Despite some uncertainty in these figures, especially with respect to N2O (see above), it can be concluded on the basis of the measurements presented in this study that the CO2 sink strength of the Skjern River catchment was reduced by about one-tenth through the release of CH4 and N2O from the soils into the atmosphere. This statement does not include any accounts of the import and export of carbon through management practices and is therefore not comparable to Schulze et al. (2009), who found that the full GHG budget of Europe's land surface was near neutral.

Reliability of Catchment-Wide Fluxes

Despite the recent progress in modeling and scaling procedures, which resulted in the publication of Europe-wide GHG balances (Schulze et al., 2009), it is still not possible to account fully for the high spatial and regional variability of atmospheric GHG fluxes caused by site-specific factors such as species composition or management practices like, for instance, drainage, irrigation, fertilization, and grazing. The variability in GHG fluxes from one land use type within a small region facing the same climatic conditions can be as large as the overall variability in the respective fluxes across Europe (Jacobs et al., 2007).

This means that the uncertainty in the eddy covariance measurements due to systematic instrumental errors such as sensor calibration errors, frequency losses or density fluctuations is not the largest source of uncertainty for the estimation of catchment-wide GHG fluxes. Thanks to the use of the latest sensor technology and data processing algorithms it may reasonably be assumed that this error did not exceed 10%, according to the specifications provided by the manufacturers and to sensitivity tests for the flux corrections. Adding an additional error margin of 5% for the gap filling would result in an overall uncertainty of 15% for each of the annual totals presented in Fig. 8. However, given that the same instrumentation and the same calculation methods were applied at all sites, it seems likely that the accuracy of the comparison between the three sites is much better, since all data would have been affected by similar systematic errors. An additional source of uncertainty was the replacement of the closed-path with an open-path CO2 gas analyzer at the agricultural site, since the two different sensor types are prone to different types of errors, most importantly radiative sensor heating of the open-path sensor and low pass filtering of the closed-path sensor. However, many papers have shown that the agreement between the two sensor types can be excellent if the specific errors are accounted for in the flux calculations (e.g., Ibrom et al., 2007; Burba et al., 2008; Haslwanter et al., 2009). Since all those latest correction protocols were performed in this study, it can reasonably be assumed that errors resulting from the use of two different sensor types were negligible.

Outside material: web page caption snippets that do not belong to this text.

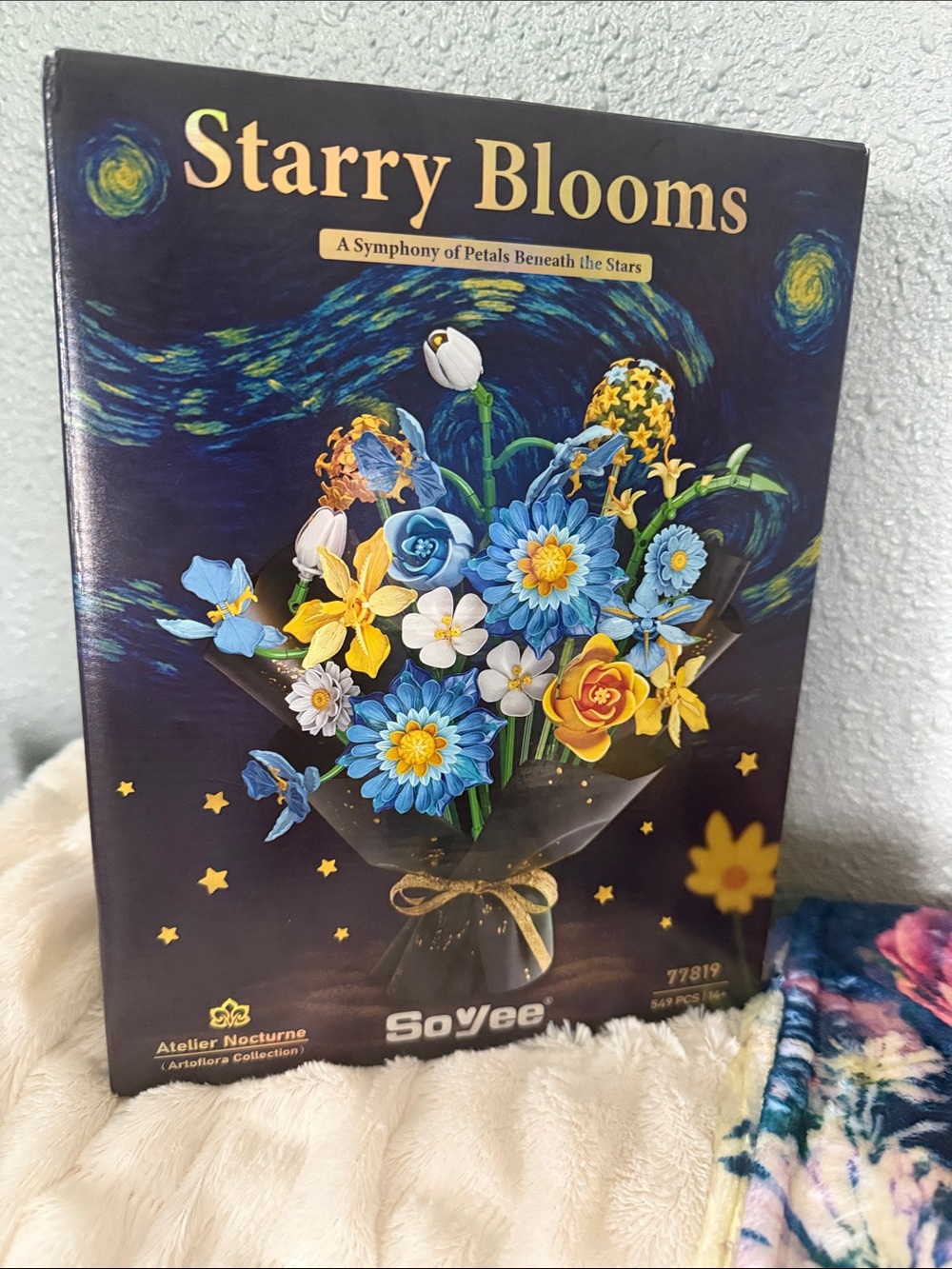 Soyvee Blue & Yellow Floral Bouquet crafting/Building lego style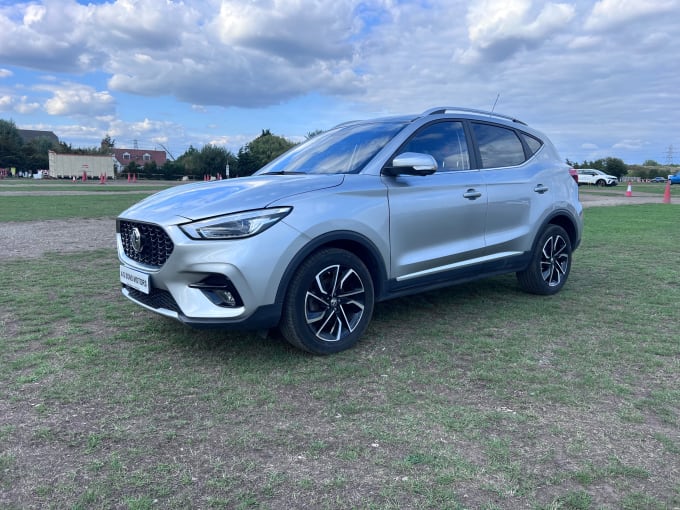2025 Mg Zs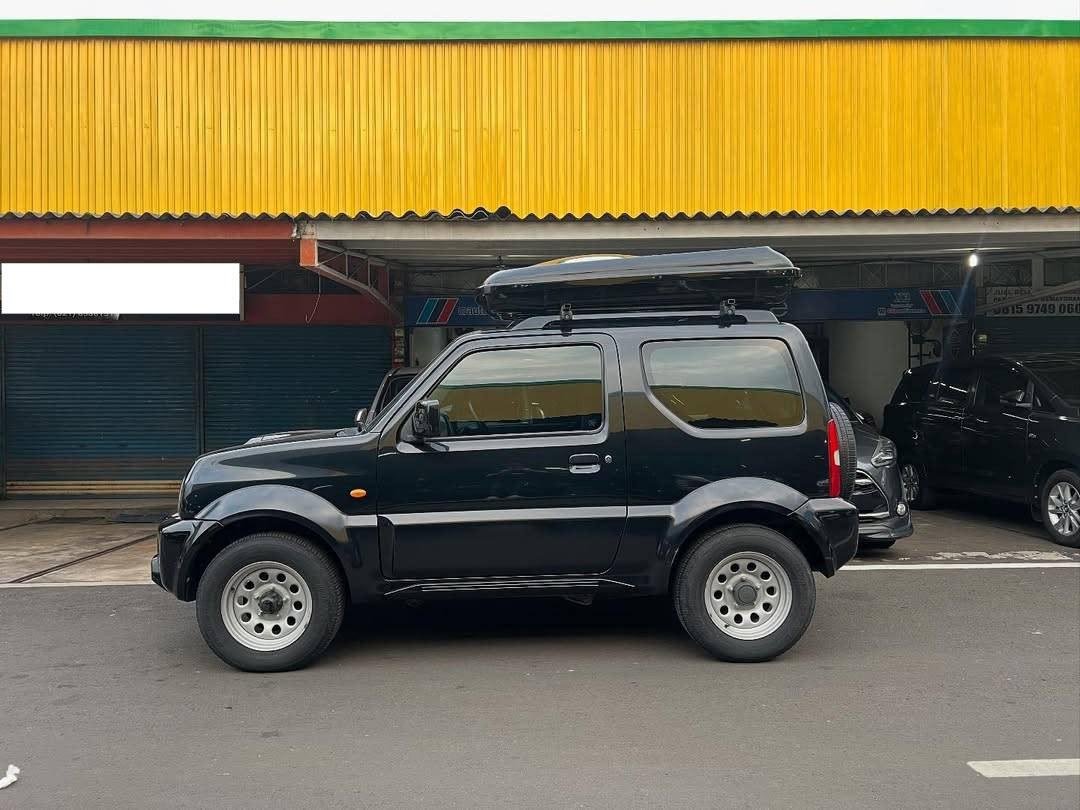 2017 Suzuki Jimny  4x4 1.3L AT 2017 Suzuki Jimny  4x4 1.3L AT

More important for the accuracy of catchment-scale data is the representativeness of the selected sites, especially with respect to the occurrence of those activities and disturbances that were identified earlier as decisive factors for the annual GHG budgets. This affects the transferability of flux data to other sites and makes predictions of future changes in the GHG balance for specific catchments highly uncertain and more regional studies desirable. For example, in some catchments the ranking in the GHG balance between forest, grasslands and croplands will differ from the European average. Given that management practices play a crucial role in the GHG budget and that such practices are linked to decisions made regionally, it is important to monitor GHG fluxes for different land use forms at the regional or catchment scale. This should happen over a sufficiently long time period that allows the detection of interannual variability in the fluxes. Future research should also take into account import and export of GHG through land use activities such as biomass harvest and manure application.

The study was part of the HOBE (Hydrological observatory and exploratorium) project, which is funded by the Villum Foundation. The authors gratefully acknowledge the technical assistance by Lars Mejlgaard Rasmussen during the field installations.